A Salvadoran sex worker, who declined to publish her name because her family does not know about her work, used to sell seafood in a market in El Salvador, she says. When she arrived in Mexico, she asked a man to take her to a bar where she would earn money. She did not seek other alternatives because she did not know anyone in the country.

“It is different here,” she says. “I do not know anyone. If I did know people, maybe I would do humbler jobs. But right know, I do not really know the people.”

A 32-year-old Guatemalan sex worker, who also declined to publish her name because her family does not know about her job, worked for 14 years as a domestic worker in Mexico, she says. Now, she works in a cantina where she drinks and dances with clients and sometimes has sex with them. She earns in a single week the 2,000 pesos ($150) she used to earn for a month of domestic work.

Still, although many women are sex workers by choice, there are also cases of girls and young women who were kidnapped or sold by their families and ended up as sex workers, according to a 2008 report by the State Institute of Women of Chiapas, a government body that aims to promote and guarantee women’s rights. Other women were lied to about the type of work they would do or were lured by swindlers with promises of more money and a better quality of life.

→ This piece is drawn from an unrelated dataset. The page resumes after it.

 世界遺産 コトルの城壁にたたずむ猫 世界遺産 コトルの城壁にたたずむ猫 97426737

Teresa Ulloa Ziáurriz, regional director of the Coalition Against Trafficking in Women for Latin America and the Caribbean, a nongovernmental organization, rejects the idea that a woman can choose sex work of her free will. Behind every woman who sells her body, there is a chain of exploitation comprising people who benefit from her work, including her employers, Ulloa says.

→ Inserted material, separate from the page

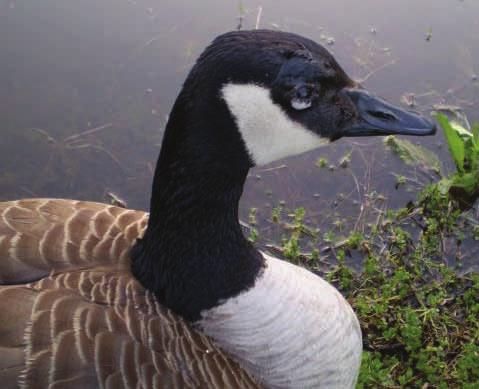 Juveniles Injured Goose and Eggs Wildlife / Hunting A citizen reported two juveniles throwing rocks at a Canada goose while she was attempting to protect her nest of five eggs in the Phillips Creek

Determining whether a sex worker is doing her job by her own volition is difficult because traffickers sometimes threaten women into silence, says Neverilda Cardona, a health promoter with Médecins du Monde, an international humanitarian aid organization. Cardona gives health presentations to sex workers in a municipality near Villa Mazatán.

Sex workers are a highly vulnerable group, says Leyva, who specializes in the health of migrants. On a daily basis, sex workers suffer violence, stigma, and a triple discrimination for being women, migrants and sex workers.

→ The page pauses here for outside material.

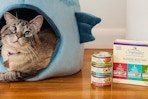wellness cat food
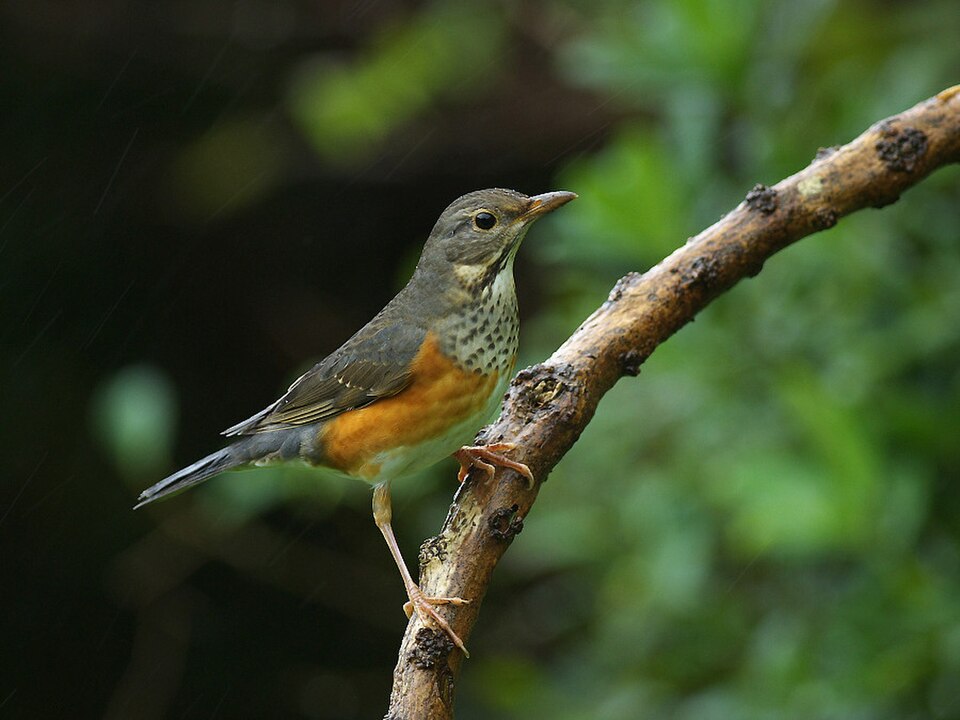 Gray-backed Thrush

They also lack social security and work in environments where drug and alcohol use is high, he says. Violence is an everyday occurrence for sex workers since their clients are often drunk or high on drugs and try to abuse or harass them.

Although all sex workers – migrants or Mexican – are vulnerable to violent aggression, these incidents are more common for foreign-born sex workers, according to the report Leyva helped to author.

For migrant sex workers, more than 65 percent of them have been beaten and suffered bruises, fractures and wounds as a result, compared to less than 35 percent of Mexican sex workers, according to the report. Meanwhile, more than 62 percent of migrant sex workers reported having been forced to have sexual relations, compared to less than 38 percent of Mexican sex workers.

The men at the bar where the Salvadoran sex worker works sometimes push to go further than a woman wants to, she says.

“Sometimes they are terrible, the men already drunk,” she says. “That is why sometimes we distance ourselves from them. We better look for another person who is in better conditions.”

Her bosses also protect her, she says.

“I cannot talk about my bosses because they are good people,” she says. “And they support us: If someone wants to hit us, wants to do something to us, she [the boss] is there, responding for us.”